Description of the task >> Give back each line of the data exactly as it reads, minus the pictures.

Material provided >>
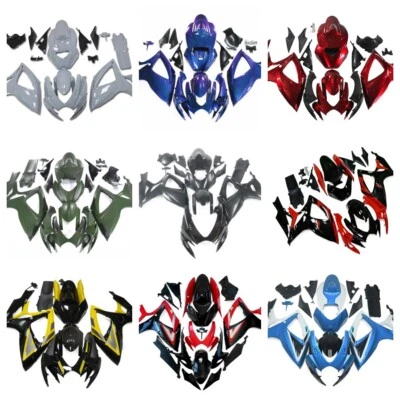 Injection Fairings Kit for Suzuki GSXR600 GSXR750 2006 2007 K6 06 07 Bodywork - Image 1 of 4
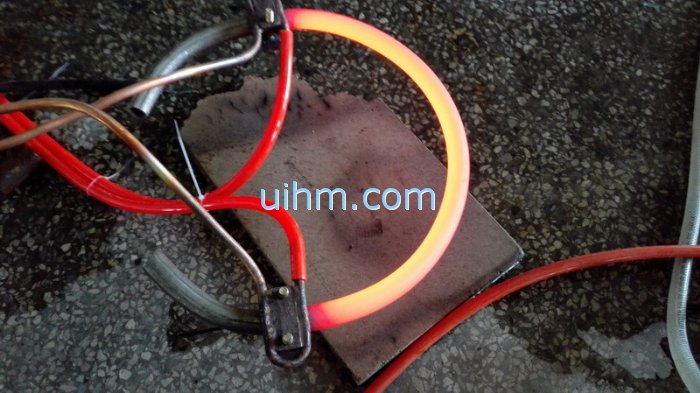 quick induction heating cambered, half-round steel rod_3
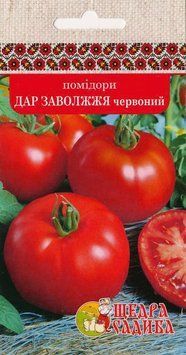 Томат Дар Заволжжя червоний 0,3г, Щедра Садиба tomat-5 фото
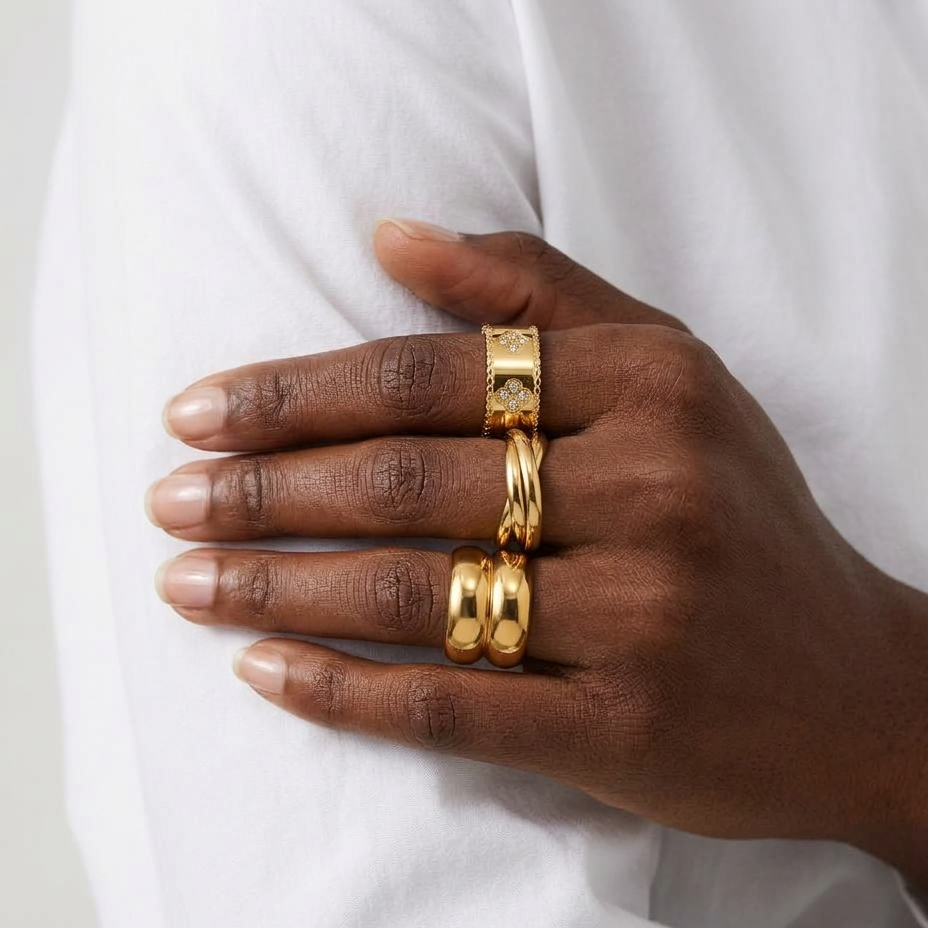 VIOLITTA BOLD Ring - Waterproof - خاتم ڤيوليتا عريض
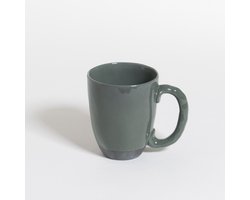 The Table | Atelier - Mok met Oor -Thyme - Groen - beker - handgemaakte koffiebeker - theebeker - 290 ml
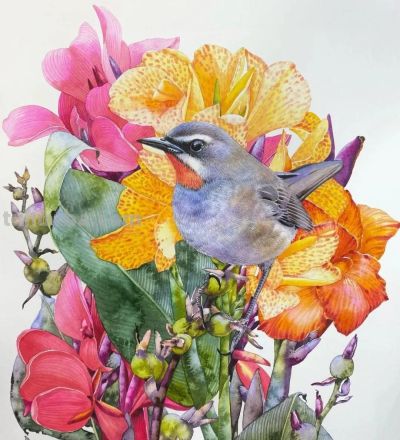 水彩笔下的绘画却美翻一大批人！这强悍技法，深深的看跪了！ - 图画吧TUHUABA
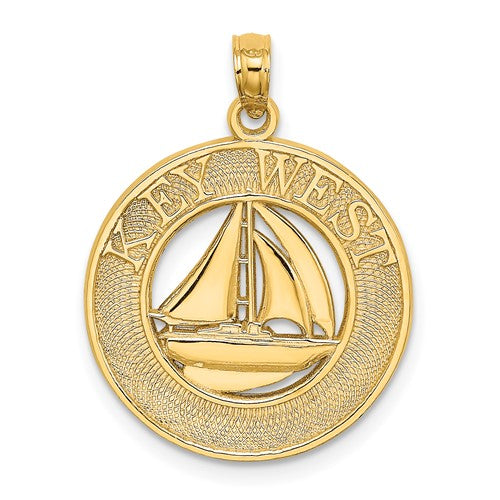 14k-key-west-sailboat-circle-charm-SolomonJeweler-Wichita-KS-CustomJewelry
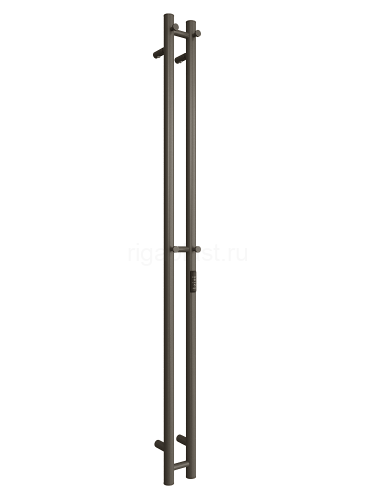 Полотенцесушитель электрический ДВИН X-2 neo 120/8, графит, с диммером, арт. 4657795059919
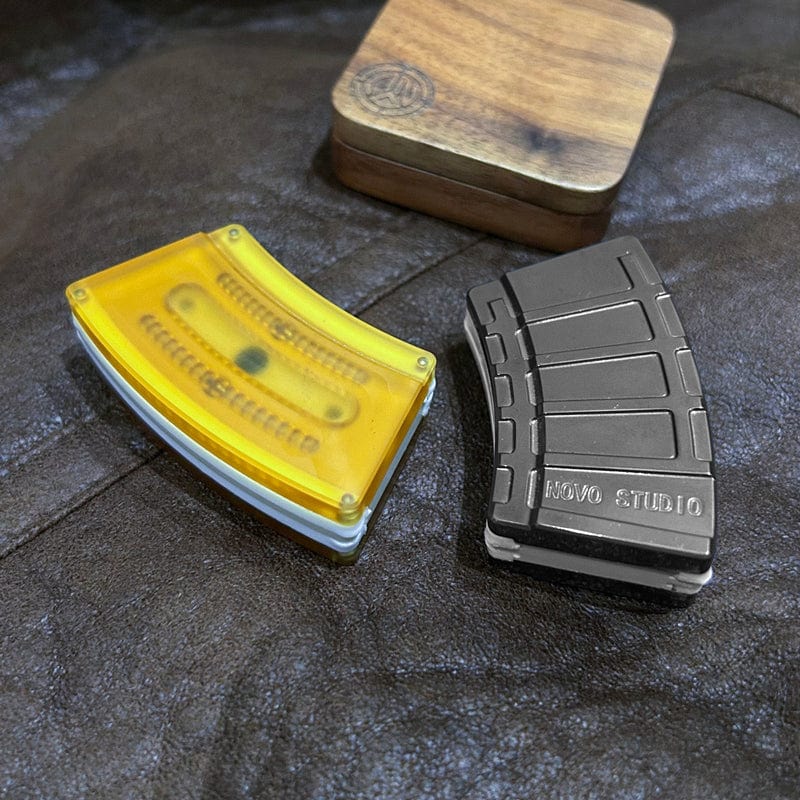 Clicker Slider – Novo Studio Box Magazine | Zirconium Ultem PEI EDC Push Slider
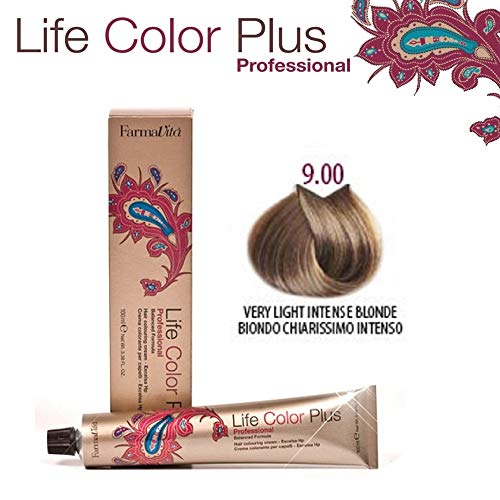 Farmavita Life Color Plus, Tinte 9.00 Rubio Clarisimo Intenso - 60 ml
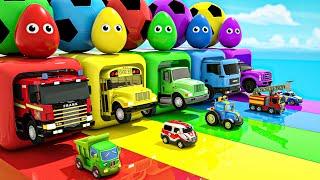 Baby Shark Wheels on the Bus and More! Soccer ball shaped wheels - Baby Nursery Rhymes & Kids Songs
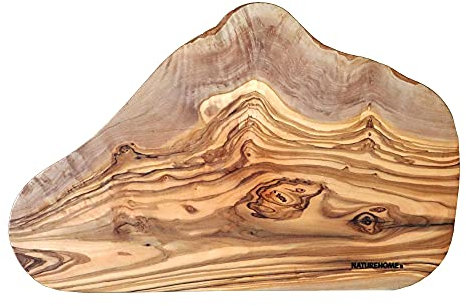 NATUREHOME 35cm Olivenholz-Baumscheiben: Natürliche Eleganz für nachhaltige Zeremonien auf dem Waldfriedhof
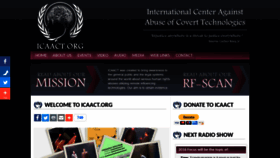 What Icaact.org website looked like in 2020 (4 years ago)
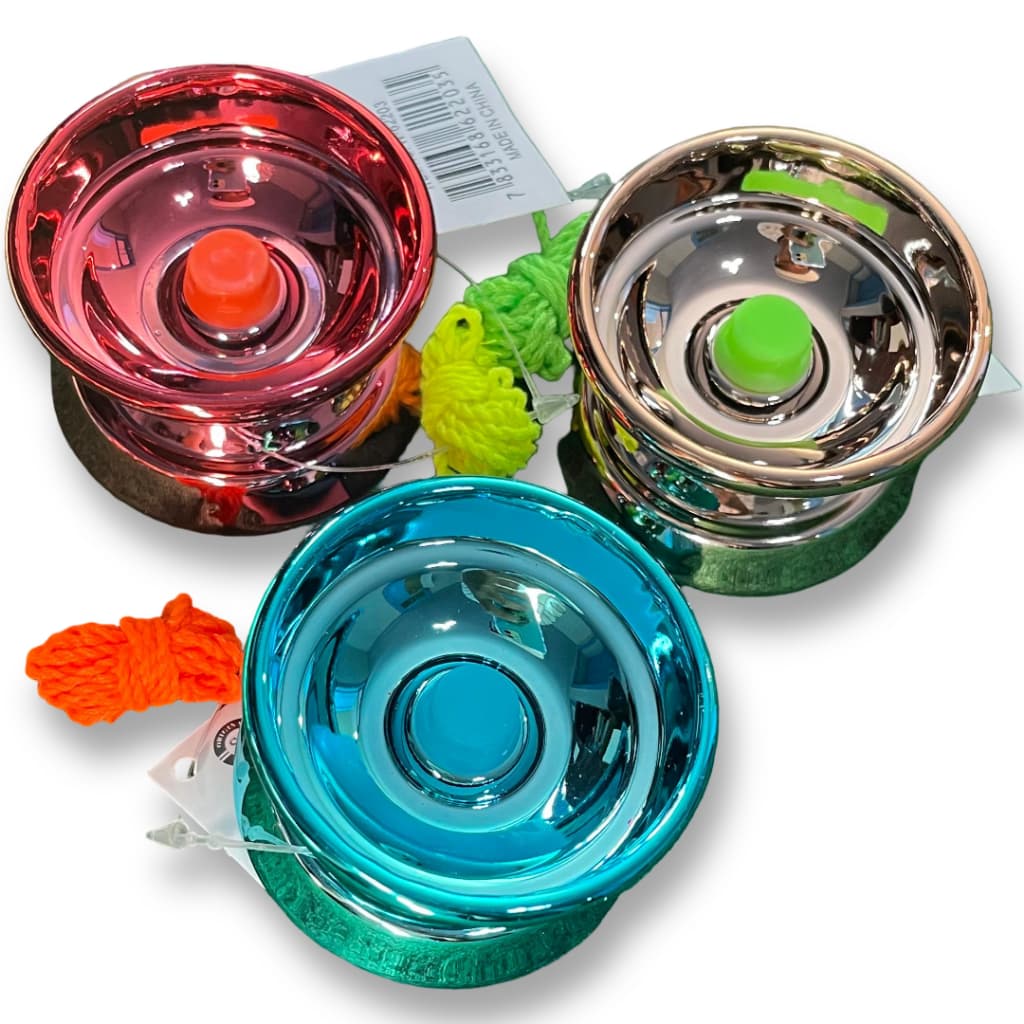 YoYo ( Ioiô ) Profissional Metalizado com Rolamento - Ioio de Metal Com ou Sem LED Cores Variadas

Output of the task >>
 Injection Fairings Kit for Suzuki GSXR600 GSXR750 2006 2007 K6 06 07 Bodywork - Image 1 of 4
 quick induction heating cambered, half-round steel rod_3
 Томат Дар Заволжжя червоний 0,3г, Щедра Садиба tomat-5 фото
 VIOLITTA BOLD Ring - Waterproof - خاتم ڤيوليتا عريض
 The Table | Atelier - Mok met Oor -Thyme - Groen - beker - handgemaakte koffiebeker - theebeker - 290 ml
 水彩笔下的绘画却美翻一大批人！这强悍技法，深深的看跪了！ - 图画吧TUHUABA
 14k-key-west-sailboat-circle-charm-SolomonJeweler-Wichita-KS-CustomJewelry
 Полотенцесушитель электрический ДВИН X-2 neo 120/8, графит, с диммером, арт. 4657795059919
 Clicker Slider – Novo Studio Box Magazine | Zirconium Ultem PEI EDC Push Slider
 Farmavita Life Color Plus, Tinte 9.00 Rubio Clarisimo Intenso - 60 ml
 Baby Shark Wheels on the Bus and More! Soccer ball shaped wheels - Baby Nursery Rhymes & Kids Songs
 NATUREHOME 35cm Olivenholz-Baumscheiben: Natürliche Eleganz für nachhaltige Zeremonien auf dem Waldfriedhof
 What Icaact.org website looked like in 2020 (4 years ago)
 YoYo ( Ioiô ) Profissional Metalizado com Rolamento - Ioio de Metal Com ou Sem LED Cores Variadas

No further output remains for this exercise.